Step 2: Grow a reasonable base of knowledge if financial principles are not in your wheelhouse. Learn to create budgets or build a business plan or focus on profit margin through weekend seminars. Learn the basics of accounting via QuickBooks classes. You have a responsibility to know these things, and it will serve you well in managing every aspect of your business.
It is necessary to get comfortable with money and accounting
A command of all things financial also allows for management of personal and professional finances as integrated parts of a whole, a superior approach in the early years when you are the business and the business is you. This is critical for earning a commitment from a spouse or partner whose finances may also be on the line. When it comes to financial matters, too many entrepreneurs make erroneous assumptions about the scope and value of bookkeeping and accounting services to deflect a lack of willingness to be responsible at the appropriate level. They attempt to pass the buck. This is always a mistake. The buck stops with you.
It is not acceptable to say, “I’m not a math person. I’ll rely on my bookkeeper and accountant to understand the financial details of my business.” It is necessary and valuable to get comfortable with the money. It is not your bookkeeper’s responsibility to know the cost structure, gross margins, recent marketing spend, payroll and benefit expenses, and net profit of your company. It is yours. They handle the administration. It is not your business consultant’s or accountant’s responsibility to know the potential return on a new product or service or to predict when your new business may be profitable for the first time. It is yours. It is not your CFO’s job to hold full responsibility for knowing the company’s financial strength for investing in growth endeavors. Ultimately, it is yours.
You might think this is tough stuff, but know that your strengths are another entrepreneur’s weaknesses: no one is good at everything. Yet every entrepreneur must look at her business with a skillful mindset and own it all.
Take command and don’t let opportunity pass you by
Far too many entrepreneurs have had phenomenal opportunities pass them by because they would not focus on the money. I know many who were passionate but didn’t seize an opportunity to grow, or were never able to hire the talent they desired, or invested in new ideas with reckless abandon. In every case, a core issue was the failure to focus on money. Even with strong financial expertise, focusing on the money can still be an issue. When opportunity presents itself, don’t be one of those businesses. Focus on the money and seize it.

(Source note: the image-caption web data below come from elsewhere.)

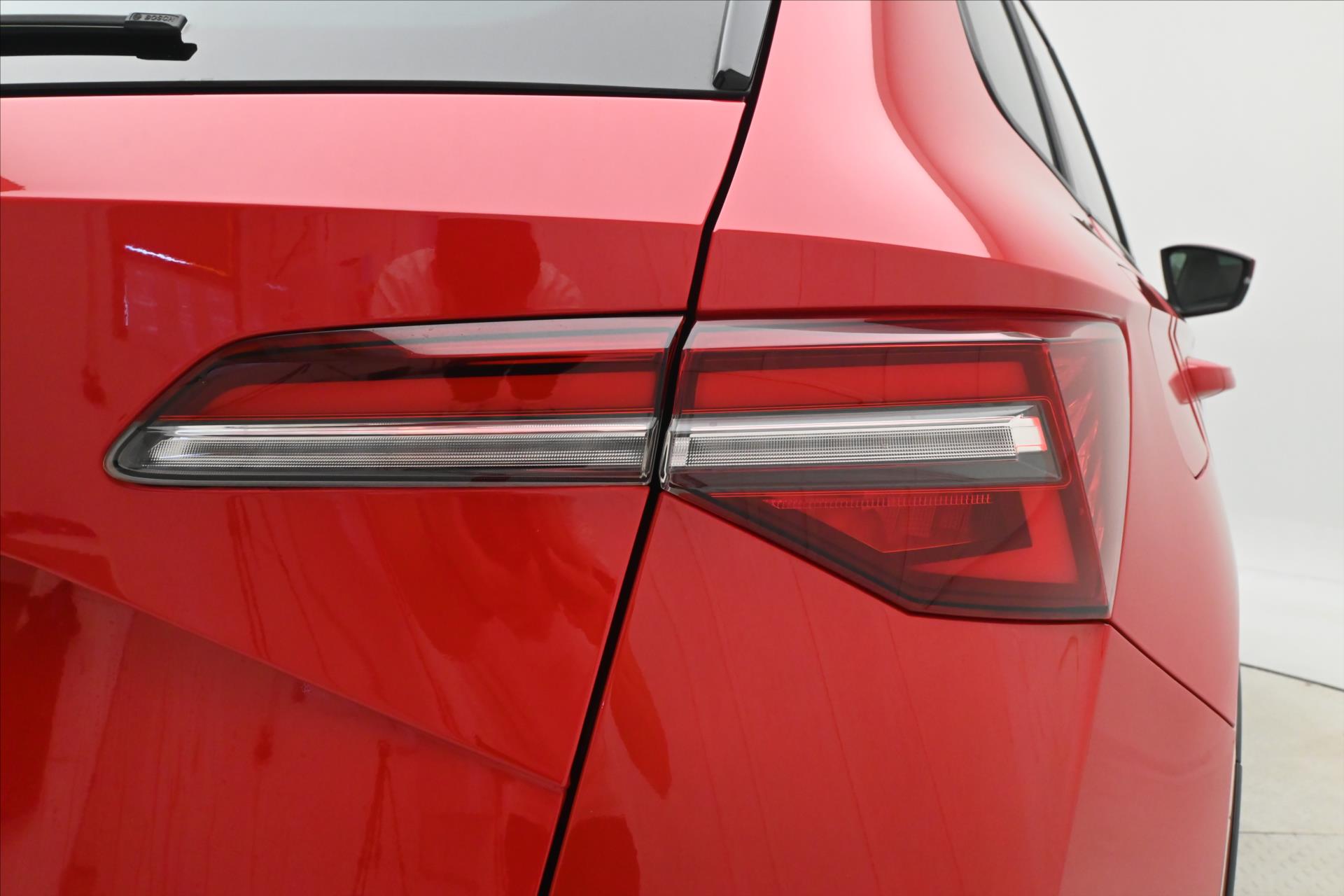 Main photo of the car Skoda Karoq 2.0 TDI 110 kW DSG 4X4 TOUR Warranty up to 5 years (33)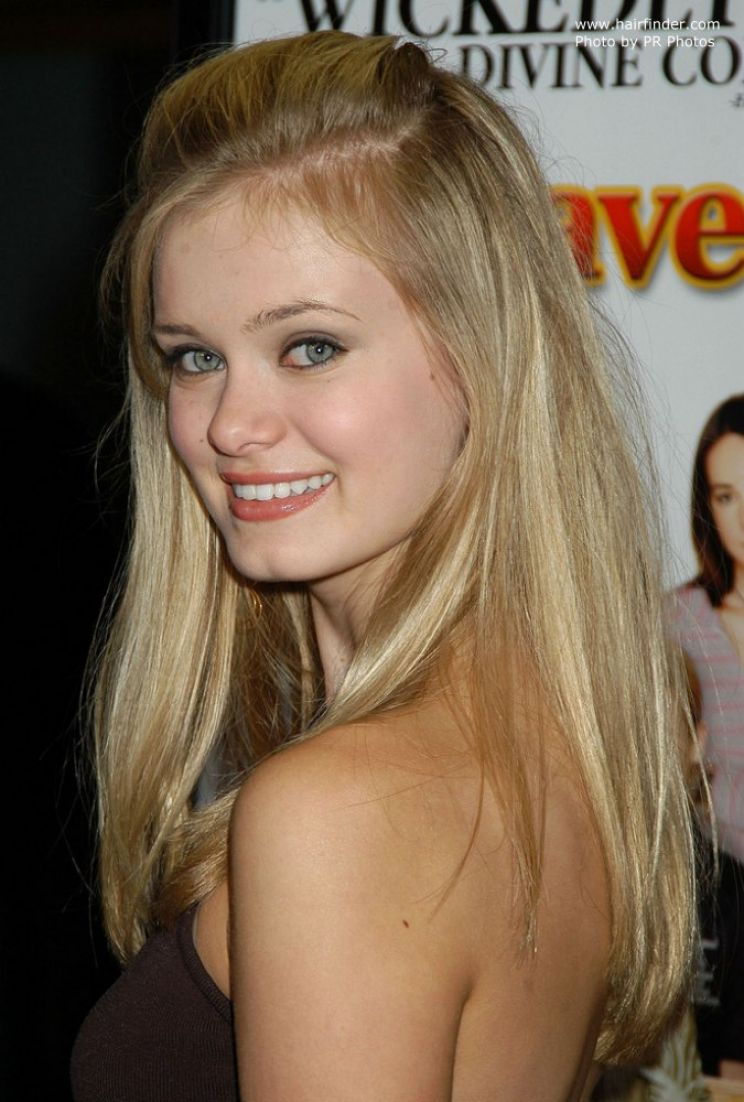 Sara Paxton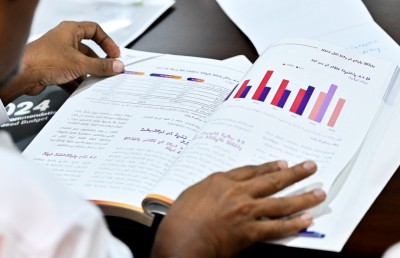 ދައުލަތުގެ އާމްދަނީއާ އެއްވަރަށް ހަރަދު ވެސް އިތުރު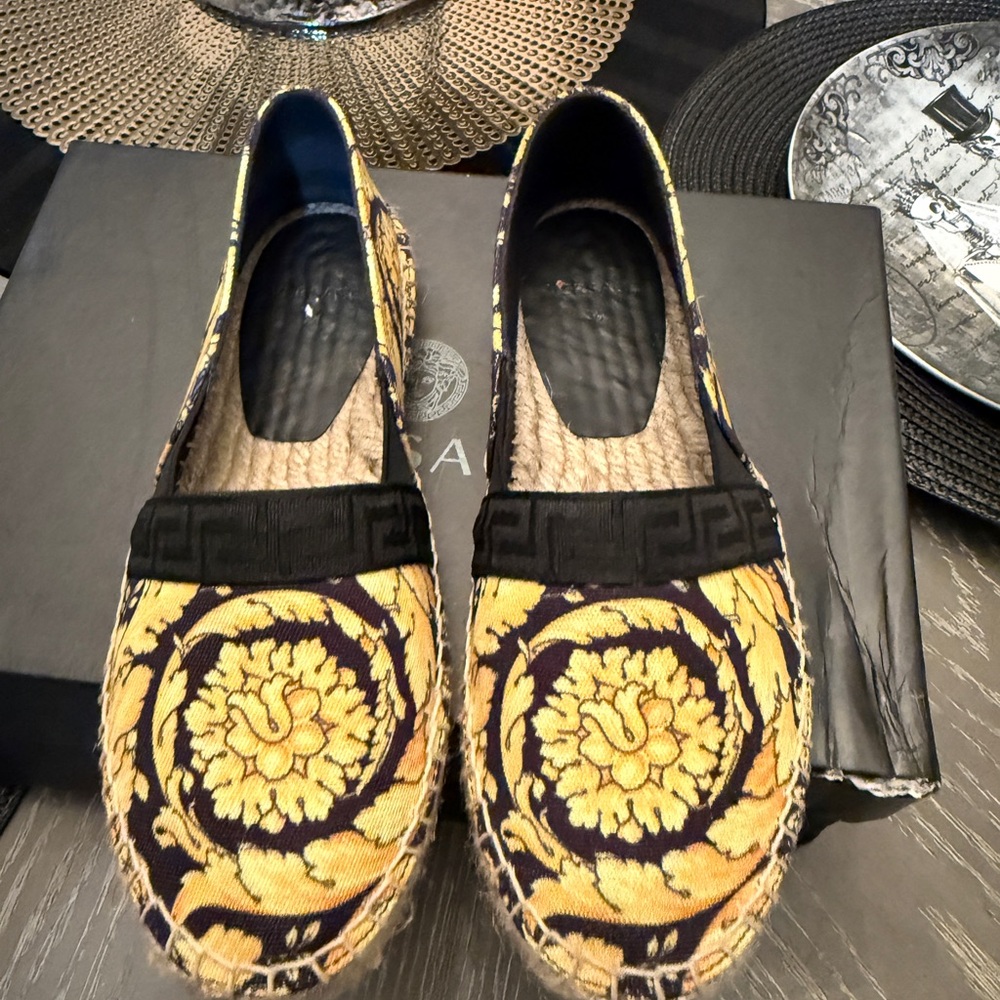 Versace Yellow And Black Patterned Espadrilles - image 8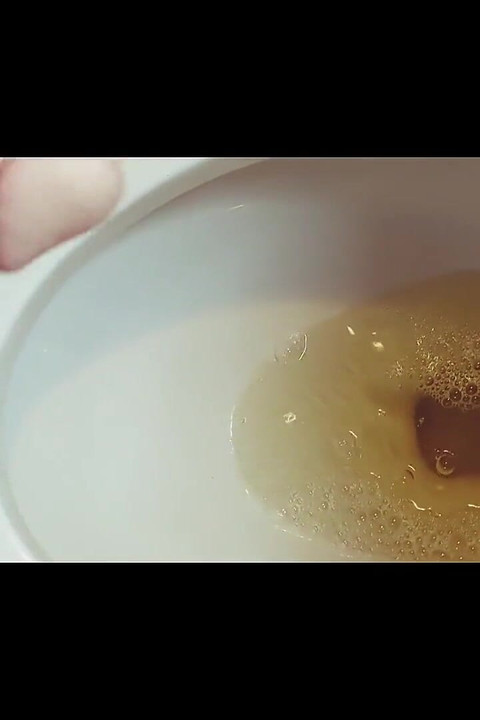 あなたのパパによるあなたのための長い曇った小便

Tough talk to get the elephant out of the room
You do not have to become a financial expert to get the elephant out of the room. Strong financial skills are a bonus, a confidence booster and may eliminate the expense of accounting and financial professionals in the early stages. They are not necessary for success, but the absence of these skills is in no way an excuse for not going where you want to go. It is worth the work, time and hassle for a working knowledge and average skills when it comes to your revenue, expenses and profit. This tough talk may be the very thing to give you the perspective and courage needed to make a change. The challenge will foster new skills and determination, which are integral to business success.